Do lado oposto, as regalias oferecidas por muitas das startups, como horários flexíveis, possibilidade de home office, snacks, escritórios diferenciados, open space, eventos corporativos, bebidas alcoólicas, premiações, etc. podem minar o senso de responsabilidade do profissional, que, pouco a pouco se sente mais à vontade para usufruir das pequenas vantagens, normalmente com outros colegas bem integrados na empresa (e com muito mais experiência nessas situações) e, quando percebe, não está entregando na velocidade adequada, ou causando más impressões do setor jurídico dentro da empresa.

Na área de desenvolvimento de profissionais jurídicos neste ambiente, posso dizer que saem na frente aqueles que conseguem equilibrar os interesses da empesa, seus investidores, e o cliente interno que está solicitando a demanda. A matéria jurídica crua não é suficiente para agradar de forma equilibrada todos os envolvidos, de forma que a criação de soluções alternativas, as vezes sem tanta jurisprudência ou doutrina sobre o tema, pode ser uma saída que faz toda a diferença em um ambiente acelerado com buscas constantes de soluções.

Também se destaca a capacidade de integração com os demais setores, empatia com as dificuldades dos colegas e a pré-disposição em auxiliar. Nesse ambiente não existe espaço para o profissional jurídico ocioso que apenas aguarda ser chamado quando um problema surgir. É fundamental que ele seja capaz de entender a função dos setores, além, evidentemente, de entender o funcionamento dos negócios da empresa, para que seja capaz de encontrar e sugerir caminhos alternativos que mitiguem os riscos de determinados projetos.

Nesse ponto, vale ressaltar que sociedades mais consolidadas, que já passaram por um período de crescimento acelerado, costumam dar uma atenção especial à cultura da empresa e aos seus colaboradores, fornecendo ferramentas de feedbacks constantes entre gestores e liderados, além de times de desenvolvimento humano robustos totalmente independentes visando a saúde mental e alinhamento dos interesses de todos. Aproveite disso!

Porém, como sabemos, nem tudo são flores. Invariavelmente o profissional se deparará com situações inusitadas, extremamente relevantes para a empresa, que ainda não foi objeto de discussão jurídica, ou que os precedentes impeçam a realização de determinadas atividades. Nessas situações absolutamente difíceis de lidar nesse ambiente, a recomendação é apontar os riscos e ter o máximo de empatia para comunicar os líderes das áreas sobre as dificuldades encontradas, explicando as razões, ainda que de forma simplificada, e, caso o projeto seja vital ou tenha um impacto significativo para o negócio, levar para a diretoria, respeitando a governança existente.

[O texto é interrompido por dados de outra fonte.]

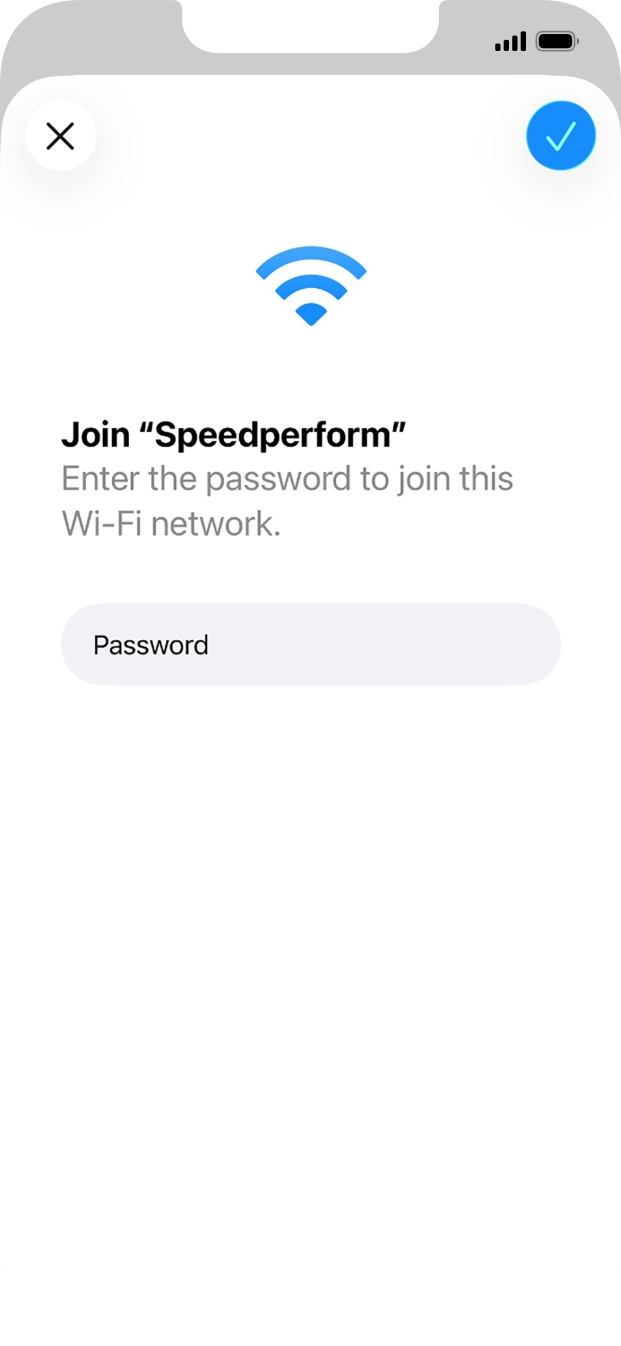 Key in the password for the WiFi network and press the confirm icon.
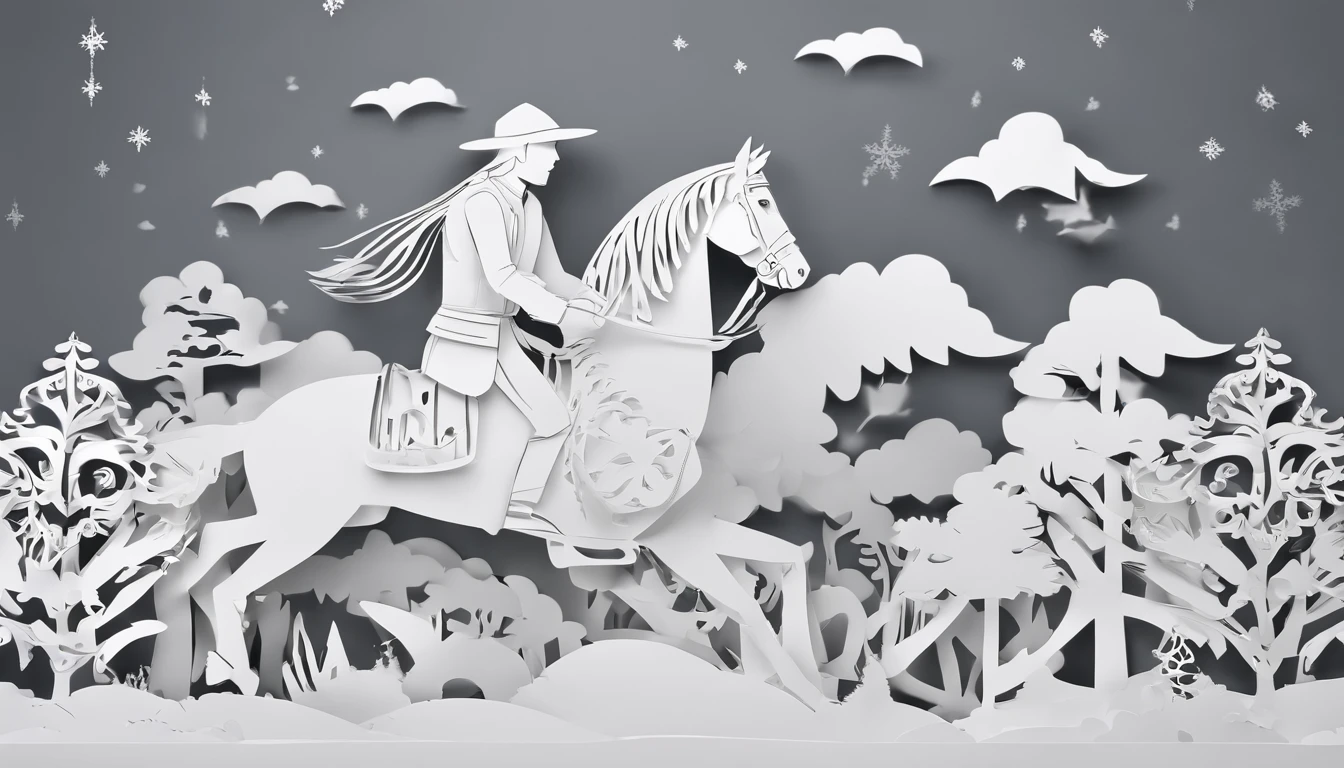 A young man rides a horse in the snow, high-quality face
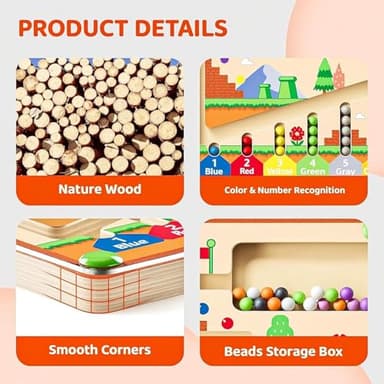zhiwuzhu Montessori Toys,Magnetic Color and Number Maze,Wooden Toys for Ages 2-4,Toddler Fine Motor Skills Toys for Boys Girls - Image 6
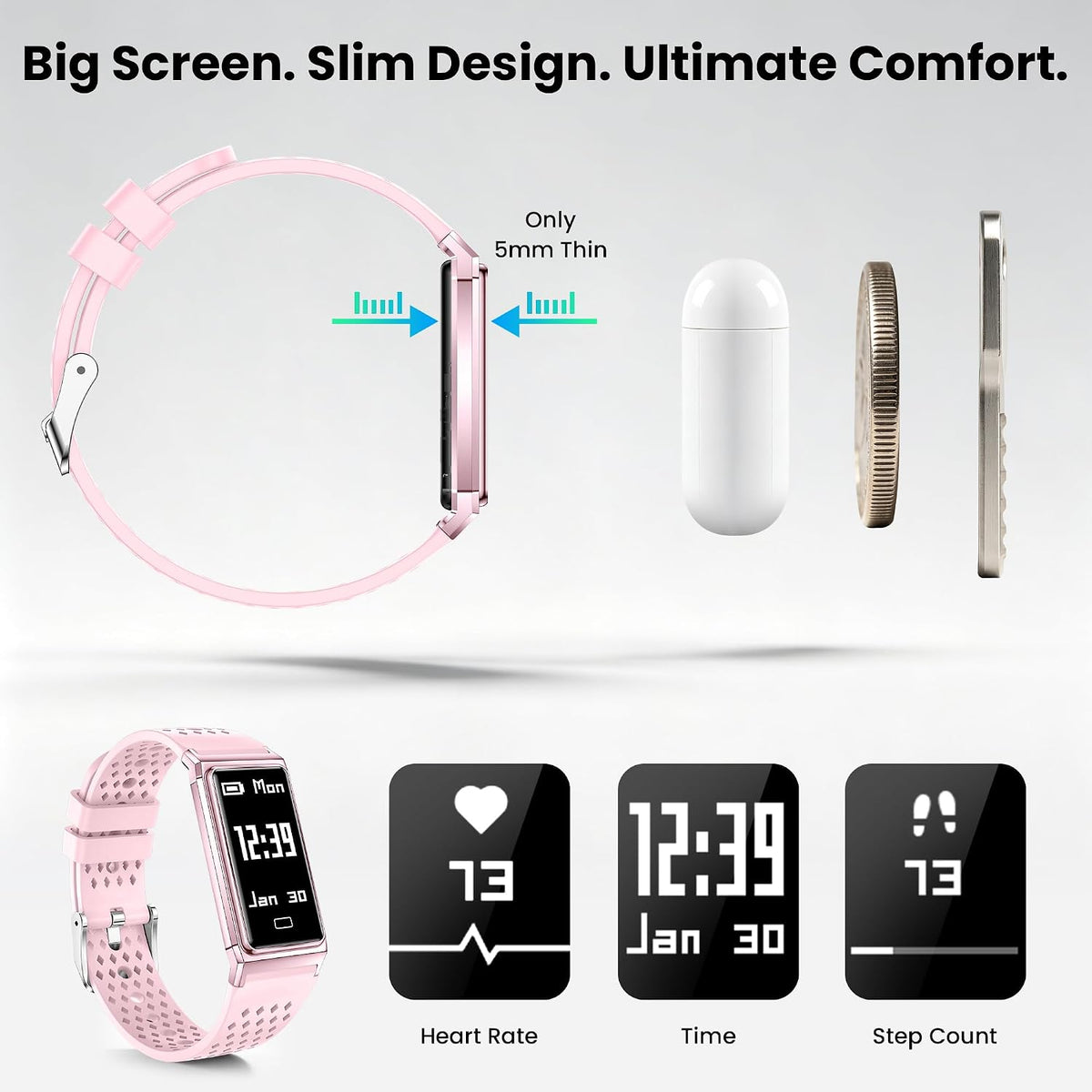 fitness tracker with heart rate & sleep tracking on a desk or shelf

Outra capacidade valiosa no ambiente de uma startup, é ter a agilidade ao mudar o foco constantemente sem se sentir frustrado, conforme demandas e projetos aparecem. Acredite, esses ambientes possuem muitas pessoas criativas! Os interesses mudam em uma velocidade estonteante e, eventuais documentos complexos ou situações difíceis que você estava resolvendo por semanas, deixam de ser prioridade e sua atenção tem que ser voltada imediatamente para outros assuntos mais urgentes. Diferentemente de ambientes mais formais e tradicionais, onde determinados assuntos recebem meses de atenção para a implementação, em uma startup pouquíssimos assuntos serão resolvidos durante meses afinco.

Para reduzir as chances de ser pego de surpresa e não ter cartas na manga, o ideal é que o profissional esteja acompanhando as decisões dos setores que encabeçam a empresa, os quais em uma única reunião, são capazes de decidir o destino do grupo. Cuidado, não vá "cutucar" o CEO da empresa diariamente em busca de informações valiosas. É parte de seu trabalho criar as conexões com gestores que darão visibilidade macro dos projetos.

Ao meu ver, para um departamento jurídico, gerar valor é ter sucesso em demonstrar que você está, de fato, dando soluções e guiando a empresa por meio das burocracias que dificultam seu crescimento, tarefa naturalmente difícil no nosso país. Uma vez que o profissional esteja sendo reconhecido por isso, sua missão dentro da startup estará no caminho certo. Que tal sentar na copa colorida da empresa para desfrutar de uma cerveja e alguns petiscos, enquanto torce por seus colegas jogando uma partida de PES 2021 no novo PlayStation 5?